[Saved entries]
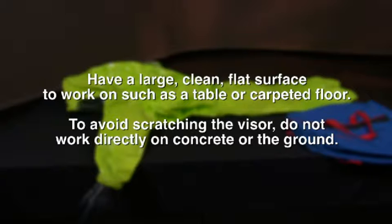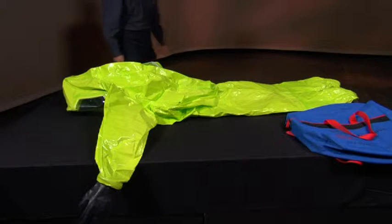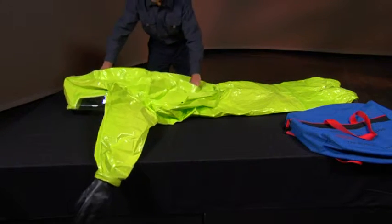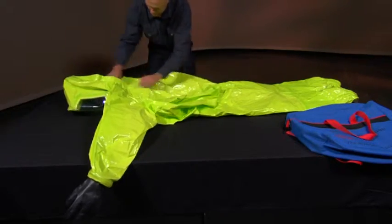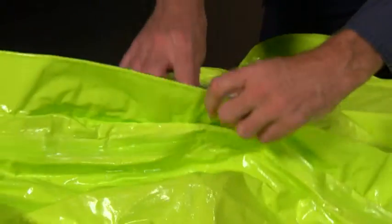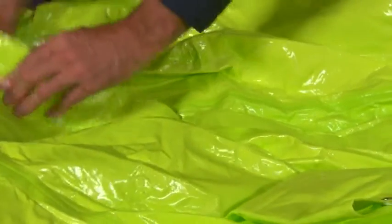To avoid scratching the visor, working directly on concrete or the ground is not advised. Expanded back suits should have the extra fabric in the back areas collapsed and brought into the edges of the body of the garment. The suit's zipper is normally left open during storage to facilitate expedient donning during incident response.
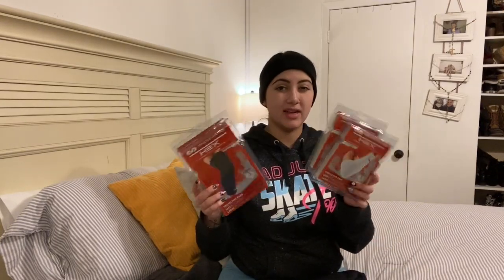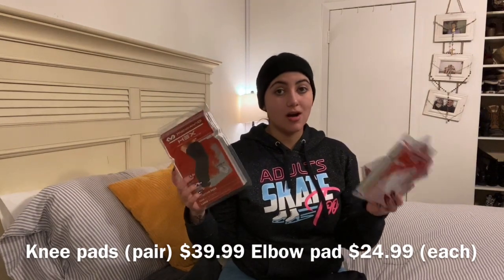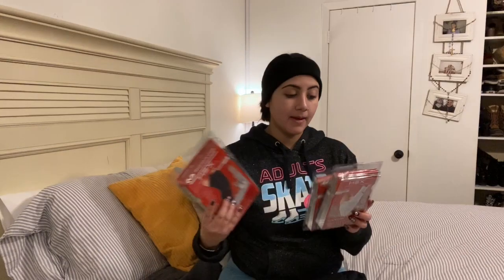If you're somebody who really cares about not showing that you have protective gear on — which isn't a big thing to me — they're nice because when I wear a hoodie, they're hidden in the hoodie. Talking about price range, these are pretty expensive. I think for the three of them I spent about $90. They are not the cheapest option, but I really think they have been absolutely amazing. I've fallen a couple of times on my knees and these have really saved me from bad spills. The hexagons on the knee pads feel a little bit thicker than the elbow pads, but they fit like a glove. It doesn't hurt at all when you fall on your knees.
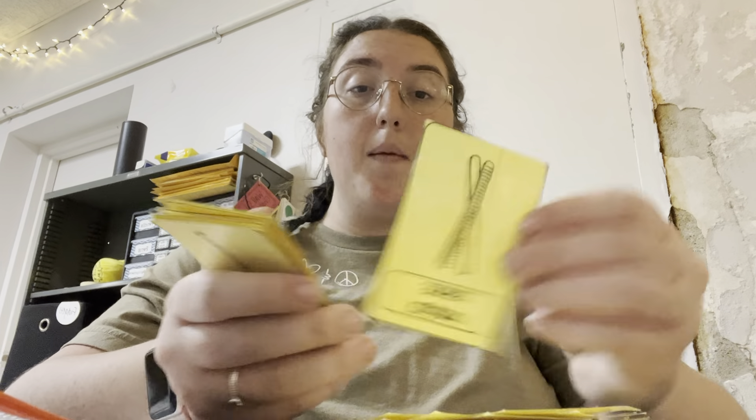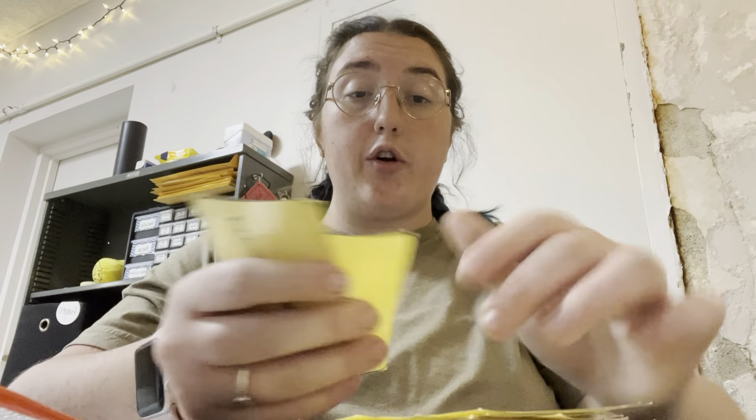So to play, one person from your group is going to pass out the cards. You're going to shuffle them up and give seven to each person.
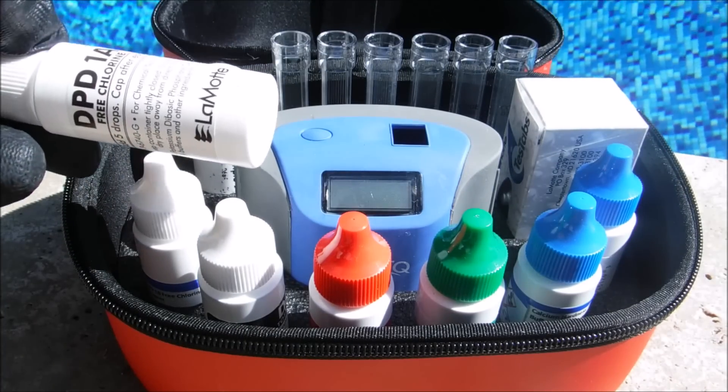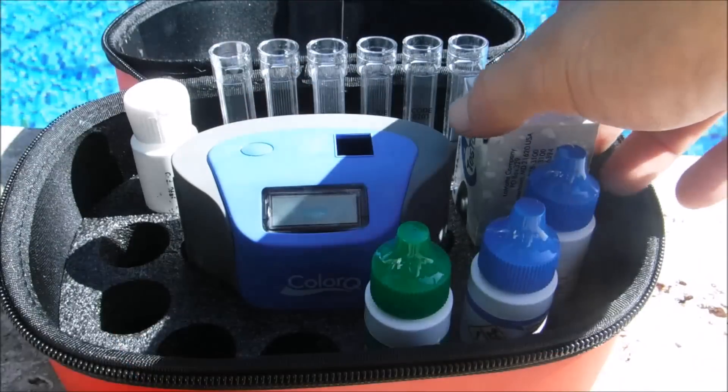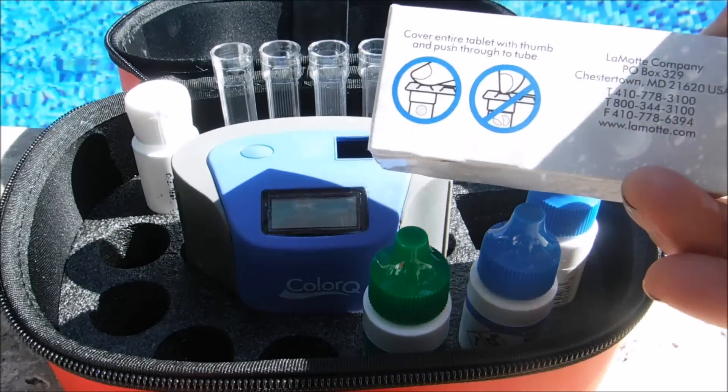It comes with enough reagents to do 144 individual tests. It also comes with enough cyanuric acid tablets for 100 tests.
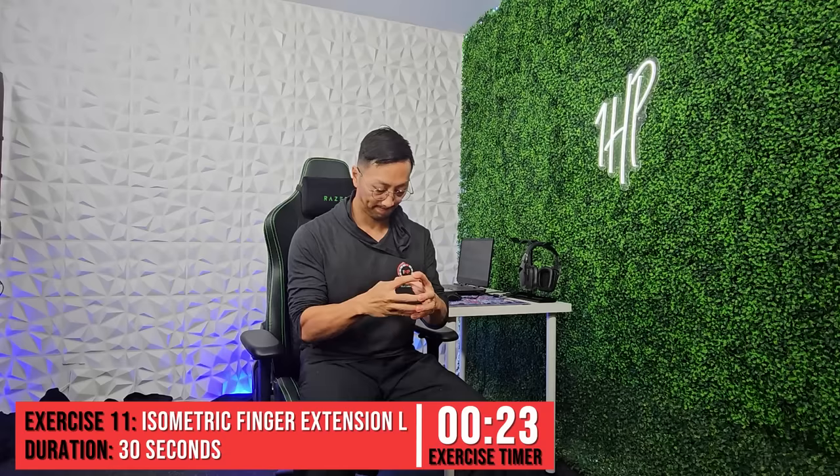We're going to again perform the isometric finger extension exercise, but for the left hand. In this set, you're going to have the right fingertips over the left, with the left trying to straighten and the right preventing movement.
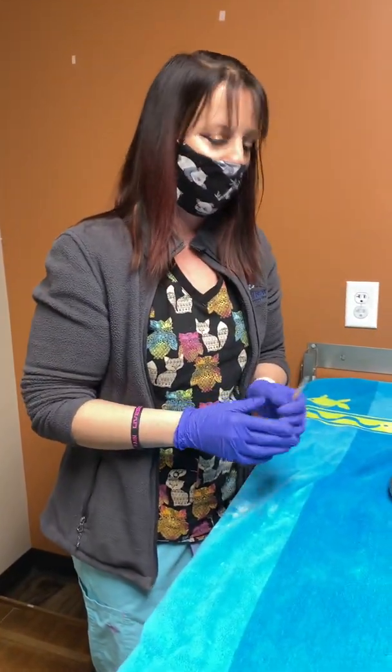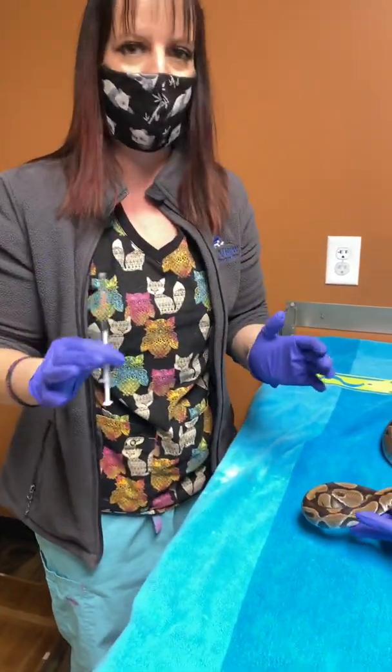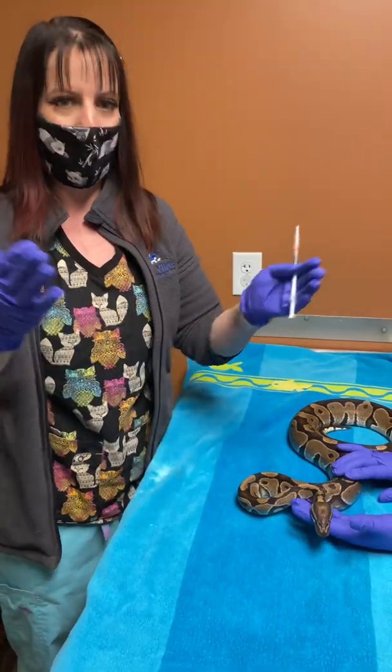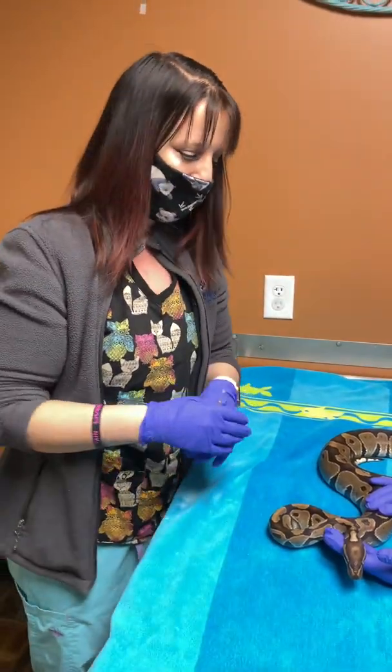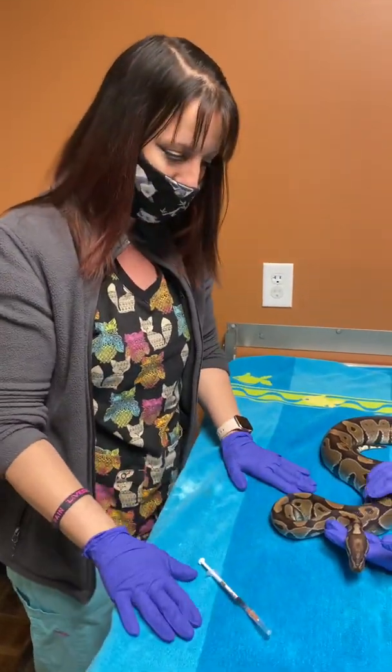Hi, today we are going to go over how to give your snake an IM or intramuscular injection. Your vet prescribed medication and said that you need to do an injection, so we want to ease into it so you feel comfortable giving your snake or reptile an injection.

■ **Exercise prompt**
Each line from the one containing "It comes with" through the last line of the data should be written out exactly. Skip the pictures, and add no other lines.

■ **Exercise solution**
It comes with enough reagents to do 144 individual tests. It also comes with enough cyanuric acid tablets for 100 tests.
We're going to again perform the isometric finger extension exercise, but for the left hand. In this set, you're going to have the right fingertips over the left, with the left trying to straighten and the right preventing movement.
Hi, today we are going to go over how to give your snake an IM or intramuscular injection. Your vet prescribed medication and said that you need to do an injection, so we want to ease into it so you feel comfortable giving your snake or reptile an injection.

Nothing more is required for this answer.